Dreitausend? Vielleicht sogar ein paar mehr. Viele Leute haben beschlossen, dem sehr schlechten Wetter zu trotzen, um in L' Aquila auf die Straße zu gehen, um ihrer Stimme Gehör zu verschaffen und um sich am Wiederaubau der eigenen Zukunft zu beteiligen. Schandhaft, die Manöver der offiziellen Medien, die, um die lokale Bevölkerung abzuschrecken, Befürchtungen über die Anwesenheit von no-global "Horden" äußerte.
Die no global waren nicht da, oder, besser: es waren dreitausend "no global" da.
Der Missbrauch von diesem Begriff, der von einer gefälligen Presse und von Politikern, die keine Luft mehr bekommen instrumentell eingesetzt wird verrät die Schwierigkeiten beim Umgang mit einem Protest der von Unten kommt und keine politische Couleur hat, aber Bewusstsein ansammelt.
Die Folgen des Erdbebens, das L' Aquila und deren Provinz zerstört hat, sind die Frucht von ruchlosen Wirtschaftspolitiken, von ökologiefeindlichen städtebaulichen und sozialen Entscheidungen, von durch die nationalen und lokalen Institutionen gedeckten Bauspekulationen und -betrügen. Die dreihundert Opfer des Erdbebensc in L' aquila wurden durch die Logiken des Profits getötet; von der über die Erdstöße katalyisierten "Globalisierung".
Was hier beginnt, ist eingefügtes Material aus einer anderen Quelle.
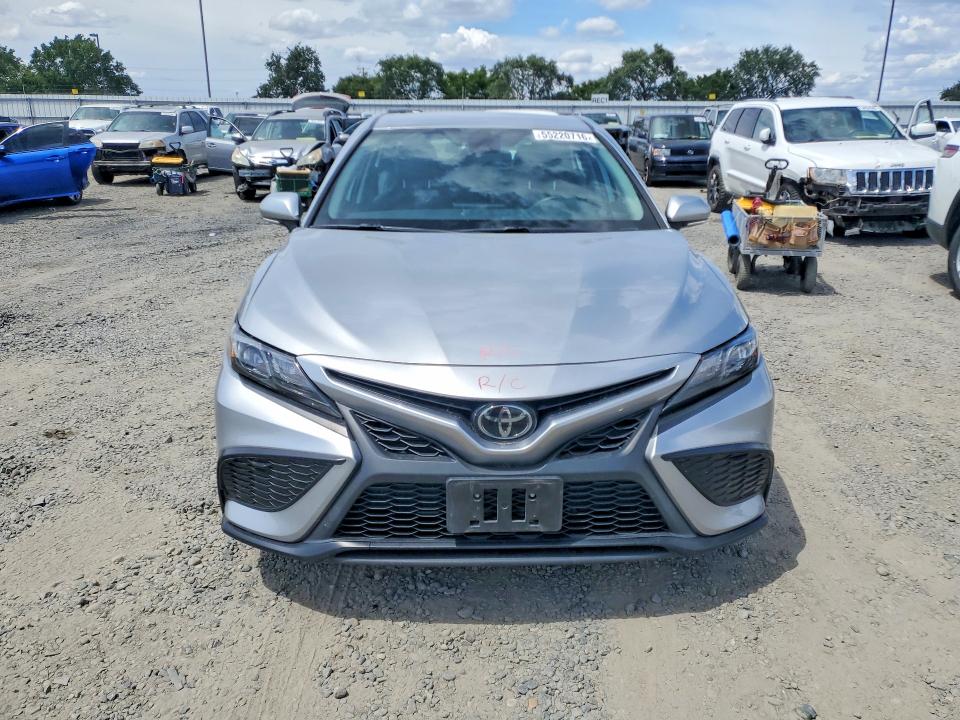 Auction sale of the 2023 Toyota Camry, vin: 4T1G11AK7PU775864, lot number: 55220716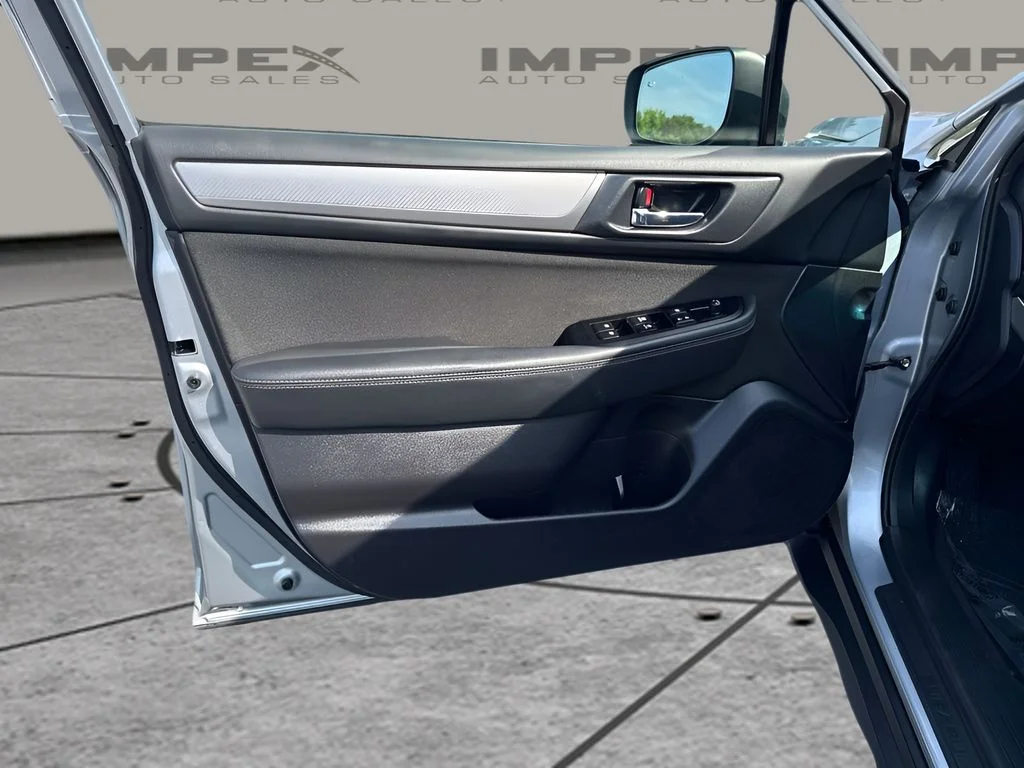 Used 2018 Silver Subaru 2.5i Premium image 25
Nur dreitausend, und doch schon so viele, die nicht gewillt sind, sich der Militarisierung in den Camps, den Lügen einer zynischen "Regierung der Toleranz" und dem Versuch, die Evakuierten mit Versprechen, die sich nicht halten lassen zu betäuben zu fügen.
Sie fordern 100% Wiederaufbau, 100% Respekt, 100% Arbeit und vor Allem Wahrheit und Gerechtigkeit für jene, die unter den Trümmern jenes verfluchten 6. April um 3:32 starben.
Die vom Samstag, den 27. Juni ist nur eine Etappe auf einem langen und anstrengenden Weg, den die Frauen und Männer der Abruzzen Stein auf Stein dabei sind, zu pflastern.
Kaum war die Demo losgezogen, hörte es auf zu regnen und die Sonne ging auf.
Avanti quatra'!
A.d.Ü.:
* Wortspiel. Sinngemäß steht er dafür, dass die Abruzzer (im übertragenen Sinne) "zu den Waffen greifen" und, in Anspielung auf die drastische Militarisierung, "unter Waffen stehen". An der Piazza D' Armi in L' aquila liegt die größte der ewa 160 Zeltstädte, in die seit dem Tag des Erdbens, dem 6. April 2009, um die 30000 Menschen nach dem Zufallsprinzip zusammengewürfelt eingepfercht sind. "Piazza D' Armi" bedeutet gängigerweise "Exerzierplatz". Die "Piazza" steht sprachlich jedoch auch für ein sehr wichtiges, nicht nur strukturelles, sondern auch kulturelles und soziales Element des menschlichen und politischen Lebens, weil sie ein offener, allgemein zugänglicher Ort ist, an dem kollektive Zusammenkunft und Auseinandersetzung möglich sind. Nicht von ungefähr ist von Italien im Kontext von Protesten und militanten Auseinandersetzung nicht von "auf die Straße gehen" und von "Straßenkämpfen" die Rede, sondern jeweils von "scendere in Piazza" (runter gehen in die Piazza) und von "scontri di Piazza" (Zusammenstößen auf der Piazza) die Rede. Selbst die Polizei verwendet den Begriff: "Einsatzleiter" bei Protesten ist der "Dirigente di Piazza", "Lagebewältigung" heißt "Gestione della Piazza". "Armi" wiederum sind Waffen. Hier, die Waffen der Gemeinschaftlichkeit, der Selbstorganisation, der Entschlossenheit und der Absage an die Angst.